My love of fashion is rooted in a love of costume. Some fashionistas get their start collecting favorite designers and leafing through Glamour before they’re remotely old enough to care about erogenous zones. As a child, I was mostly indifferent to high fashion, but I was designing bangin’ Halloween costumes when my classmates were still in the “clip-on fairy wings” stage. I portrayed Maleficent, Santa Lucia, and Joan of Arc before I was ten years old. (Then I grew up and became pagan, and Halloween is still my favorite day of the year, though for different reasons.) I am a theater geek born and bred, and my favorite part of a show has always been always zipping into costume and slathering myself with greasepaint, Skye receding in subordination to the muse.
I’ve accented my outfits with bits of my favorite costumes for years now (witch hats were my signature in middle and high school), but the day I realized there was a whole community dedicated to unabashedly garish outfits was momentous indeed. I fell in love with Fated to be Hated and Advanced Style and Elsa Schiaparelli. Learning to infuse my wardrobe with my love of performance has given me, over the years, an itch for all fashion, not just costume. I follow the designers and read all relevant literature like a proper fashionista, but my first love will always, always be costume. I’m fascinated by the semiotics of clothing: how a certain neckline or texture can make so many statements about both itself and its wearer. I love to tell stories with my outfits, and costumes, be they for stage, Samhain, or street, do it more boldly than any other medium I’ve found.

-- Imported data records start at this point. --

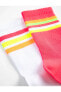 Фото #7 товара Носки Koton Multi-Color Socks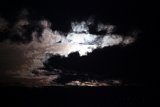  Venustransit 6.6.2012 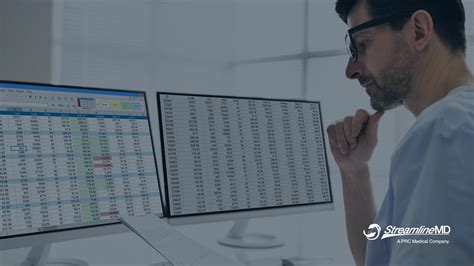 Image result for CPT Coding Radiology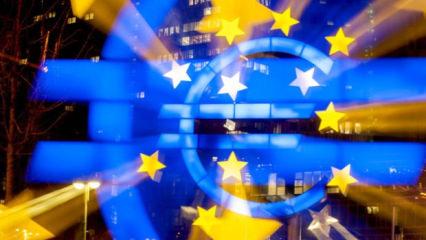 ECB faiz kararını a&ccedil;ıkladı: Oranlar ikinci kez sabit kaldı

This past weekend I took a few cues from my favorite painter, John William Waterhouse.
I was afraid to pin this hat too precisely, as it’s veritably ancient and I’m planning to sell it on Etsy. I think the (albeit imprecise) placement gives a decent suggestion of the era, though.
Dress: Stella Mae Belt & Silver Bracelet: Battery Street Jeans Pink Bracelet: Old Gold Shoes: Goodwill Necklace & Tights: Gifted
Waterhouse painted witches and mythological women, for which I love him unconditionally. I’m such a sucker for dreamy, romantic images of sorcery.